「打倒・阪神」の一番手となるか――。DeNAの新指揮官となった相川亮二監督(49)を本紙専属評論家の伊原春樹氏が訪問。先発ローテーションの再建が急務となる中、シーズンに臨む思いを聞いた。
【新鬼の手帳 伊原春樹】昨季、首位・阪神と12ゲーム差の2位だったDeNAが喫緊で取り組むべき課題は、先発投手の立て直しだろう。退団したケイ(現ホワイトソックス)、ジャクソン(現ロッテ)、バウアー(未定)の3投手の投球回「439回1/3」がスッポリと抜けた。
その点を沖縄・宜野湾キャンプで相川監督にぶつけてみると「投手陣で1年間、ローテを回ったことがあるのは東(克樹)だけなので」と苦しい状況を受け止めていた。
もちろん、球団も手をこまねいてはいなかった。昨季6勝3敗で2完封のデュプランティエ投手(31=前阪神)を獲得。ただ、シーズンは15登板と1年間フル稼働はできておらず、相川監督も「1年間をローテで回ったことがない。米国でもないです」と楽観視はしていなかった。
ダイヤモンドバックスでメジャーデビューした2019年も15登板で先発は3試合だけ。先発としてローテを守れるかは未知数だろう。
しかし、そこは捕手出身の相川監督だ。善後策を練っていた。昨季22セーブの入江大生投手(27)の先発転向に加え「先発候補には外国人左腕のオースティン・コックスがいます。日本人投手では石田(裕太郎)と去年4勝1敗だった竹田(祐)も候補。ただ1年間、回れるかというと難しい。せめて2人がシーズンの半分ぐらいを回ってくれると助かります。あと平良(拳太郎)は今は二軍ですけど、候補として考えています」と複数の先発投手でカバーするそうだ。

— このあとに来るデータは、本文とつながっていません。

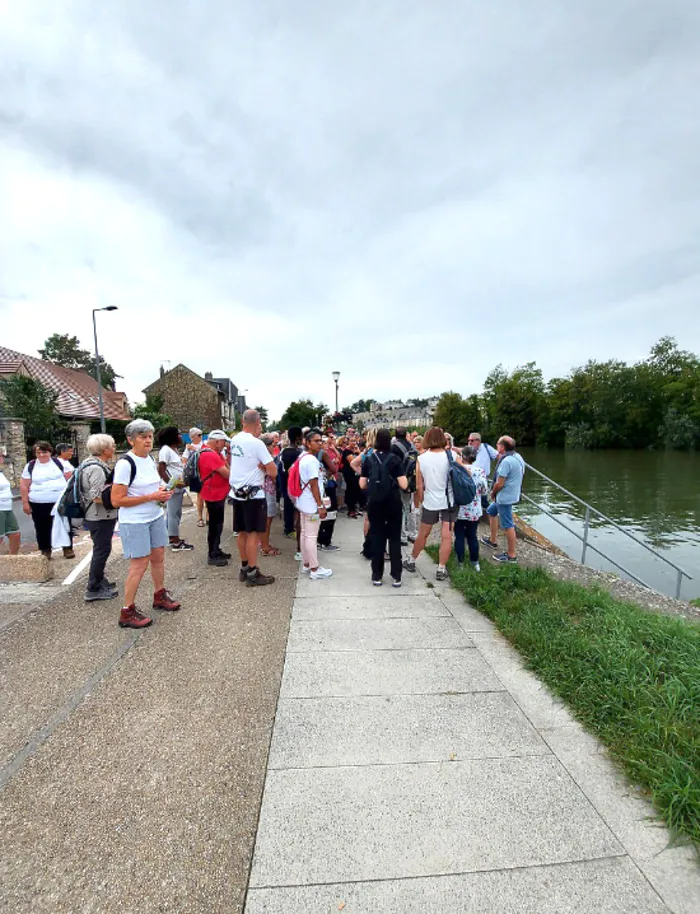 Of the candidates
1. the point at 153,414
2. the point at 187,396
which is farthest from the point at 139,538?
the point at 187,396

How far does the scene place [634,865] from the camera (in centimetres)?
172

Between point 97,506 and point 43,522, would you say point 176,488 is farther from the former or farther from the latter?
point 97,506

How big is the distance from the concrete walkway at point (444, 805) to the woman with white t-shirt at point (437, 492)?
1.77 m

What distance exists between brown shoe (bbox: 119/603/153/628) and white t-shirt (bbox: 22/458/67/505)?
2.63m

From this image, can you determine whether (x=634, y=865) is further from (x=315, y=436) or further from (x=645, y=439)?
(x=645, y=439)

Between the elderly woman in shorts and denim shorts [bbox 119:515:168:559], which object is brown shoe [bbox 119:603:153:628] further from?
the elderly woman in shorts

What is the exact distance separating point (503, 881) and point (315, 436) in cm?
387

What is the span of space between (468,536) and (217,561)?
3089 millimetres

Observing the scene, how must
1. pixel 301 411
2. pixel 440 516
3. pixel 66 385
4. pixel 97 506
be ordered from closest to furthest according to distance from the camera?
pixel 97 506 < pixel 440 516 < pixel 66 385 < pixel 301 411

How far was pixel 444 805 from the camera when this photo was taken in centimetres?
201

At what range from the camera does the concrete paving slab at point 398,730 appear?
2334 mm

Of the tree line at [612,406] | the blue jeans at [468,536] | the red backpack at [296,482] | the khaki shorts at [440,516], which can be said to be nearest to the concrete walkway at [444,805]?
the khaki shorts at [440,516]

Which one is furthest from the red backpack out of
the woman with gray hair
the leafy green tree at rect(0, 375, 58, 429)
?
the leafy green tree at rect(0, 375, 58, 429)

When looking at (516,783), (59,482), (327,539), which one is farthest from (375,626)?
(59,482) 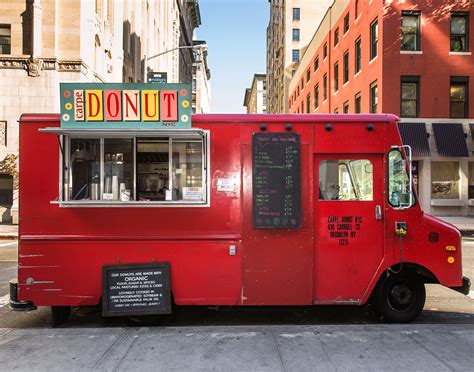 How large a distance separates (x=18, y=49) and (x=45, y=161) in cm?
1929

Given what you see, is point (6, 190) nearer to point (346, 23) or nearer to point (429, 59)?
point (429, 59)

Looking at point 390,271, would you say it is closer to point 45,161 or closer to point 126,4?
point 45,161

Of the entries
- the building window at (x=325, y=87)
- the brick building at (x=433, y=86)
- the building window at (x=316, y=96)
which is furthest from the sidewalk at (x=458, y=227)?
the building window at (x=316, y=96)

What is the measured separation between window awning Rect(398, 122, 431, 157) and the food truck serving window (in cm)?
1990

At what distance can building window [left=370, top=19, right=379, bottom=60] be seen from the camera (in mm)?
25391

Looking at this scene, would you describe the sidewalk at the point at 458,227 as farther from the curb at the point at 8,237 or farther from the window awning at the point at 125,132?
the window awning at the point at 125,132

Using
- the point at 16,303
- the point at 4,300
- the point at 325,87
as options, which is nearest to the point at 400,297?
the point at 16,303

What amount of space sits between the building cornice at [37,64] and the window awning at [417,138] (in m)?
17.0

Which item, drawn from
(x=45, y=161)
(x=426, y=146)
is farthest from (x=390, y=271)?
(x=426, y=146)

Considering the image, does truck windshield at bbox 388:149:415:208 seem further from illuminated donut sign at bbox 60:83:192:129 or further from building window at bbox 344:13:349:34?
building window at bbox 344:13:349:34

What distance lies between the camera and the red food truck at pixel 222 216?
5672mm

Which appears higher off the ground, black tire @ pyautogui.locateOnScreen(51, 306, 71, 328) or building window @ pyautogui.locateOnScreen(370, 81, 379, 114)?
building window @ pyautogui.locateOnScreen(370, 81, 379, 114)

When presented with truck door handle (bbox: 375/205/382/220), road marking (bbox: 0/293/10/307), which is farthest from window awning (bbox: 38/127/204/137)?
road marking (bbox: 0/293/10/307)

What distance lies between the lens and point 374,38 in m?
25.9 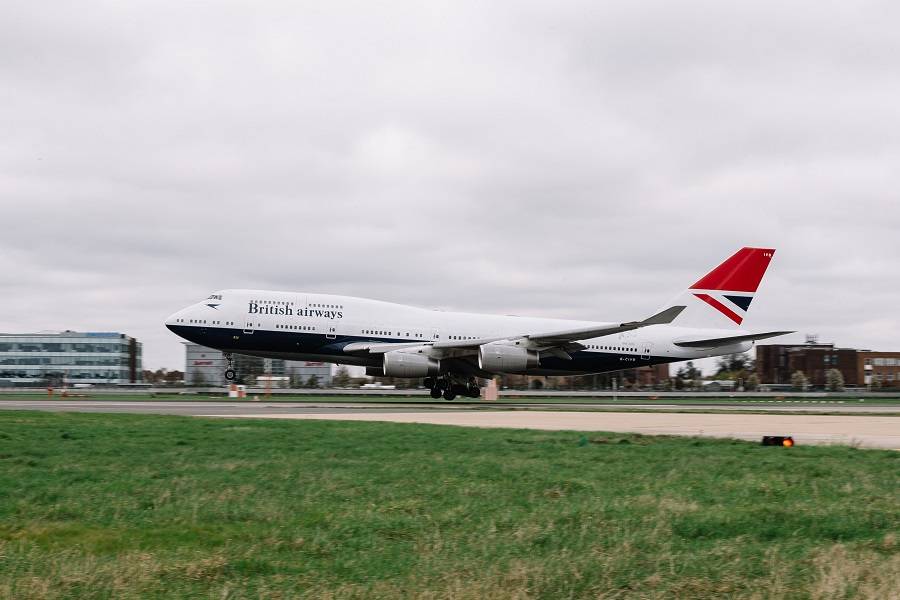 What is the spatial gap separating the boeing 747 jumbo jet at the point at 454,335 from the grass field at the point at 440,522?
28.0 m

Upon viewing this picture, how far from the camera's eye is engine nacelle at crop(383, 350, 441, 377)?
135 ft

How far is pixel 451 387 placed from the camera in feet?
146

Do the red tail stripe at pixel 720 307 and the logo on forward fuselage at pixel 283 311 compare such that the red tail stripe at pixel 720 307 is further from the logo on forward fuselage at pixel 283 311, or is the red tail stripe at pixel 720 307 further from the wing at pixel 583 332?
the logo on forward fuselage at pixel 283 311

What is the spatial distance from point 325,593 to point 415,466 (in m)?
5.96

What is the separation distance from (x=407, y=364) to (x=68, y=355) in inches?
5373

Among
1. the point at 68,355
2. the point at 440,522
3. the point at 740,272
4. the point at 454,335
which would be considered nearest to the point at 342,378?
the point at 68,355

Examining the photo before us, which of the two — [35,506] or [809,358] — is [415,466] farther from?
[809,358]

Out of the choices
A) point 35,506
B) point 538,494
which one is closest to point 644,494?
point 538,494

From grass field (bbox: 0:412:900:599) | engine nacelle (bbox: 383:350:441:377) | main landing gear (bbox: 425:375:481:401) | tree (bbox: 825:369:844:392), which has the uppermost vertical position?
engine nacelle (bbox: 383:350:441:377)

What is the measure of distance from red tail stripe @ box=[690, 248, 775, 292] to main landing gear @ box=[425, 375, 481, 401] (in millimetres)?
13667

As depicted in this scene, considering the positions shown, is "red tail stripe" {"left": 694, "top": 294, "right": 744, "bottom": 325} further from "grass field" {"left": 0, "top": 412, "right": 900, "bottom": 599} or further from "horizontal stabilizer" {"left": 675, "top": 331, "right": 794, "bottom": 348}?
"grass field" {"left": 0, "top": 412, "right": 900, "bottom": 599}

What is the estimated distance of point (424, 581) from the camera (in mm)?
5758

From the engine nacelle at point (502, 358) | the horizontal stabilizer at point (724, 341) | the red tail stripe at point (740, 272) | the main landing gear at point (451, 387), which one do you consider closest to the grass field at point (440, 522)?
the engine nacelle at point (502, 358)

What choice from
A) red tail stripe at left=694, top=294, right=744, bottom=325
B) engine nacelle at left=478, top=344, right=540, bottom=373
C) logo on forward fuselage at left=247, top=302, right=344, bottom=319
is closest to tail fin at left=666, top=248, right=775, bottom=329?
red tail stripe at left=694, top=294, right=744, bottom=325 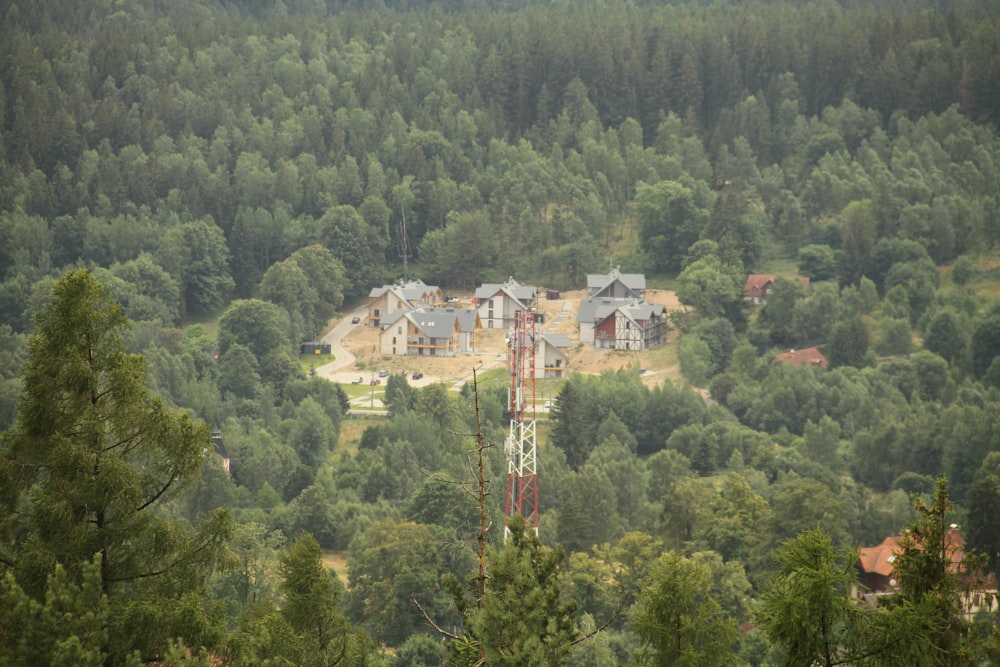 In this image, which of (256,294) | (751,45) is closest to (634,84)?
(751,45)

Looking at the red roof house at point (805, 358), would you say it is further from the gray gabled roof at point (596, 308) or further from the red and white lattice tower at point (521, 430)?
the red and white lattice tower at point (521, 430)

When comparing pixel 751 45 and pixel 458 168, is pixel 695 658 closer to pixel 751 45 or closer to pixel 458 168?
pixel 458 168

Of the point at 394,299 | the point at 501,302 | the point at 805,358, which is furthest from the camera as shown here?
the point at 394,299

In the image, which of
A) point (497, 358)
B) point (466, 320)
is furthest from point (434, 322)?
point (497, 358)

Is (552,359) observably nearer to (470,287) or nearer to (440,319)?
(440,319)

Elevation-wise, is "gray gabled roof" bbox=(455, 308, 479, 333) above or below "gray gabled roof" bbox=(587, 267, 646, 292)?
below

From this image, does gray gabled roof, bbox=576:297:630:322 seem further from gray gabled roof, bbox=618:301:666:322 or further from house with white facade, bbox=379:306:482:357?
house with white facade, bbox=379:306:482:357

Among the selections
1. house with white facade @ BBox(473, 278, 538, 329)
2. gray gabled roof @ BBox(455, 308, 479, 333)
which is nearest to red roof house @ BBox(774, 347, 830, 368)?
house with white facade @ BBox(473, 278, 538, 329) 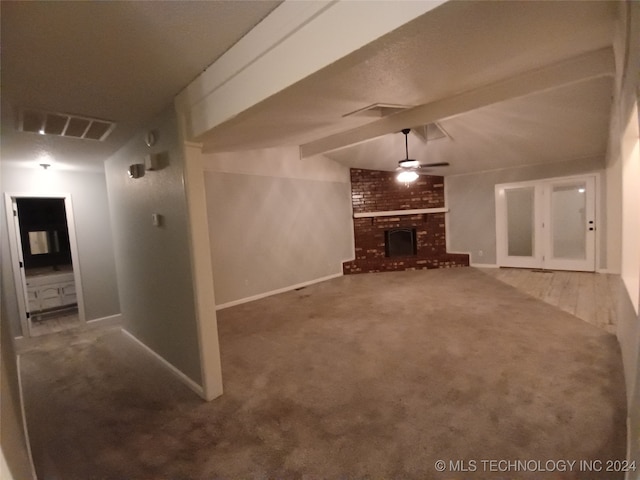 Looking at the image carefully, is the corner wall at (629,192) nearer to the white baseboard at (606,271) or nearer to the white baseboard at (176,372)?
the white baseboard at (176,372)

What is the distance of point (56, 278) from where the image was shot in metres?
4.66

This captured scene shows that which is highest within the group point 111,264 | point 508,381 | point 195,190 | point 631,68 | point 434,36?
point 434,36

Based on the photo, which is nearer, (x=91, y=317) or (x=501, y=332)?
(x=501, y=332)

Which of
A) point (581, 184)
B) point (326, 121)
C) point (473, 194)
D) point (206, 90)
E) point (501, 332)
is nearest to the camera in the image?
point (206, 90)

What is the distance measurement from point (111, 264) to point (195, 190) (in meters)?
3.38

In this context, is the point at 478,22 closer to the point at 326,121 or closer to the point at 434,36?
the point at 434,36

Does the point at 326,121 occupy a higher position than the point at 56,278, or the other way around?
the point at 326,121

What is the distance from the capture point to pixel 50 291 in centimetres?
461

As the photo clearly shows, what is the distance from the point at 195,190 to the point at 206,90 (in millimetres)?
685

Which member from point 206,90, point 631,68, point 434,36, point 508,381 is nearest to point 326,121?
point 206,90

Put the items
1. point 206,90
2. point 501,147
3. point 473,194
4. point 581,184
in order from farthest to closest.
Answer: point 473,194
point 581,184
point 501,147
point 206,90

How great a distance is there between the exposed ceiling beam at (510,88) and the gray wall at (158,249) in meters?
2.42

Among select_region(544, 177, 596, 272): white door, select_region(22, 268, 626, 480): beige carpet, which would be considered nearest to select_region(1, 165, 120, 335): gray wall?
select_region(22, 268, 626, 480): beige carpet

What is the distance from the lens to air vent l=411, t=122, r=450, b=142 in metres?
4.39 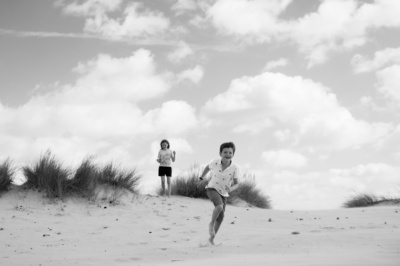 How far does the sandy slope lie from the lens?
5.98m

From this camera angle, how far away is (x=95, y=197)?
1138 cm

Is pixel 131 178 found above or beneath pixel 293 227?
above

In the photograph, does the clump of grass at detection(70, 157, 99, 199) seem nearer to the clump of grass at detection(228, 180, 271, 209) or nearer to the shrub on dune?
the shrub on dune

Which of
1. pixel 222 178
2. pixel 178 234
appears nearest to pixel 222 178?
pixel 222 178

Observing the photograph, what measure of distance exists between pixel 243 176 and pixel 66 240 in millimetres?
8194

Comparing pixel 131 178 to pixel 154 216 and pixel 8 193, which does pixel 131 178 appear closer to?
pixel 154 216

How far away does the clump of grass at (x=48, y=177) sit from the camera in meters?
11.2

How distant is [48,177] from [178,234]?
13.4 feet

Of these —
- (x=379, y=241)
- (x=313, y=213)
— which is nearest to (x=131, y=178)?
(x=313, y=213)

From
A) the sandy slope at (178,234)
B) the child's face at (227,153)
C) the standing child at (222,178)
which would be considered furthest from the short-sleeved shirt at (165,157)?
the child's face at (227,153)

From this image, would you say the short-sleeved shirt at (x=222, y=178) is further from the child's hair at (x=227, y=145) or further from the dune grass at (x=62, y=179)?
the dune grass at (x=62, y=179)

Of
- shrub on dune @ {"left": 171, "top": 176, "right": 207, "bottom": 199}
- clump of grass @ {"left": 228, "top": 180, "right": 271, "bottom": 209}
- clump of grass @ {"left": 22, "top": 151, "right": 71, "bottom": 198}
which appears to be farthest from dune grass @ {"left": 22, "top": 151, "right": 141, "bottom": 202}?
clump of grass @ {"left": 228, "top": 180, "right": 271, "bottom": 209}

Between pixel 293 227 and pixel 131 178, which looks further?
pixel 131 178

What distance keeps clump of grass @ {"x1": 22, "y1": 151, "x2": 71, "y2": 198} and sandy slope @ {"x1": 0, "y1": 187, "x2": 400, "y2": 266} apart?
298 mm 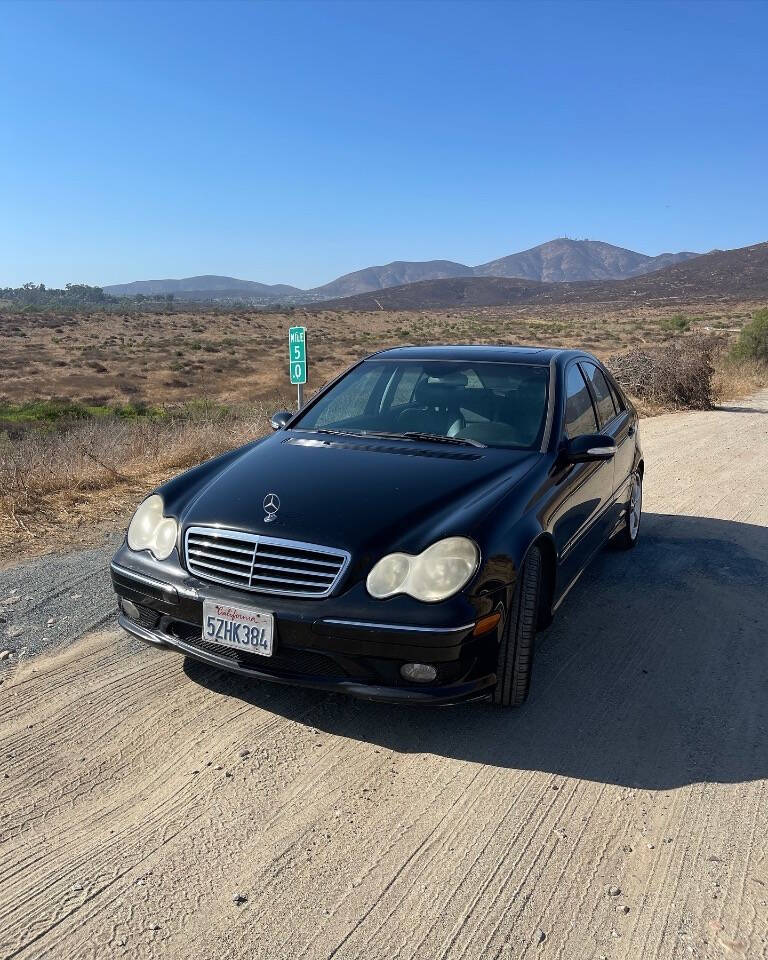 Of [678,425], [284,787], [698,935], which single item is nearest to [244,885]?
[284,787]

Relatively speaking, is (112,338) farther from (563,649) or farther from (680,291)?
(680,291)

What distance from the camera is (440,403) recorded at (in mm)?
4340

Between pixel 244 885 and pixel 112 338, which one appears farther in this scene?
pixel 112 338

投手陣さえ安定すれば昨季リーグトップの510得点、110本塁打を誇る強力打線は健在。オースティン(現カブス)と桑原(現西武)は抜けたが、筒香、宮崎、佐野ら実績組に蝦名、梶原、山本、度会ら若手も伸びてきている。その中でも相川監督は「牧にはケガをせずフル出場してほしい」とキーマンに挙げていた。
初めて監督として挑むシーズン。印象に残ったのは「コーチとは全然違いますね。ただ2年間、コーチとしての時間があったのでチーム状況は把握できています。それが強みかなと思います」と胸を張っていたことだ。「扇の要」として横浜、ヤクルト、巨人のセ3球団を知る指揮官が、1年目から大きな星を挙げられるか楽しみだ。